What’s Cooking?

Your weekly sales meeting should be the most important part of your business week. If you’re interested in making more sales, pay attention when your leader asks you, “What have you got cooking?

The definition of a cooking sale is a sale you believe you have a reasonable chance of closing.

Some sales are obviously cooking, for example, the buyers are coming back for a second inspection. These sales are usually the only ones that are given in answer to the “What have you got cooking?” question.

To get the obvious cookings is not why your leader asks the ‘cooking’ question. The purpose of examining the cookings is to help you to uncover the hidden sales.

People who call themselves buyers have been in your car, or walking through your open homes, during the past month. Not every one of these bought a property. Assuming that you qualified these people properly, you were calling them ‘buyers’ too. So, why haven’t they bought?

Possibly you didn’t have a property to suit them. If this is the case, and if these people really are ready to buy, then what have you done about finding a property for them? I am talking about prospecting.

You should never let a good buyer buy from another agency. Go out looking for a home for these buyers. Show them that you aren’t one of those wimps who says, “I’ll call you when something comes up,” then does nothing.

Another possibility is that you did have a property for your buyer but you missed an important clue.
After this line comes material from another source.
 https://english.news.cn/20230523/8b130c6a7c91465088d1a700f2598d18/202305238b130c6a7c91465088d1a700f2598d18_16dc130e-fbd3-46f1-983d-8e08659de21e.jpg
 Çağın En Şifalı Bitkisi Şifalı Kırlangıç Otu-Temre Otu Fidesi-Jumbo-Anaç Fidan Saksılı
Sometimes we are too quick to dismiss our buyers because they don’t seem too fussed about making an offer on one of the properties we showed them. So, we let them leave, and with them, goes a sale.

Winning offices and salespeople use this popular method for uncovering hidden sales. It’s called, Shake Your Diary. You might like to go and get your diary and we’ll see how it works.
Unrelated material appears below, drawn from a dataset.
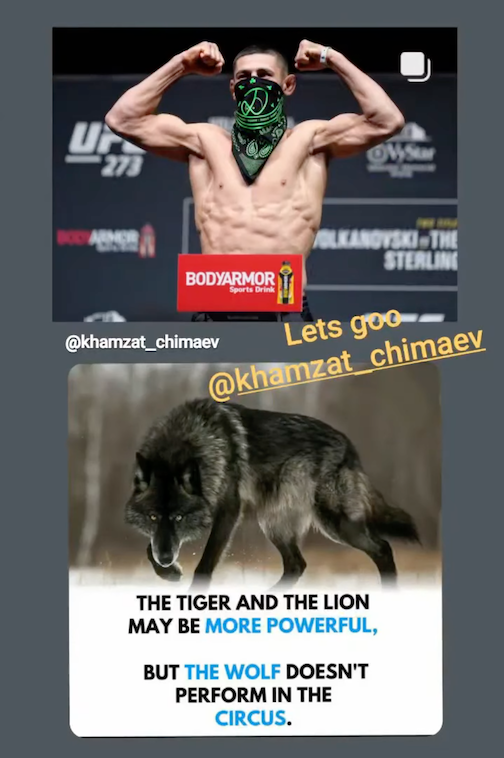 Zlatan Ibrahimovic Khamzat Chimaev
Without referring to your diary, take a sheet of paper and write down each sale that you think you have cooking. Do this ‘off the top of your head’. How many sales do you have cooking? One, two, three? Oh, come on. Is that it?

Now shake your diary. Go back over the last month and examine each buyer that inspected properties with you. How did you leave each other? What was the last thing that was said? When was the last time you telephoned the buyer? In your mind, build a picture of the property you think they will buy.

The logic of doing this is simple. You are thinking whether there is now a property on the books that will suit these buyers. You are also trying to think of any ‘buying signs’ that you might have missed and your chances of reviving a sale on a property that the buyers have already inspected.

As ridiculous as it sounds I once heard a salesperson say, when asked what a buyer thought of a property they had just inspected, “They loved it!” When I asked the salesperson why she didn’t have this property cooking, she said, “Oh, they didn’t want to buy it,” but she could not tell me why the couple didn’t want to buy a property that they said they loved.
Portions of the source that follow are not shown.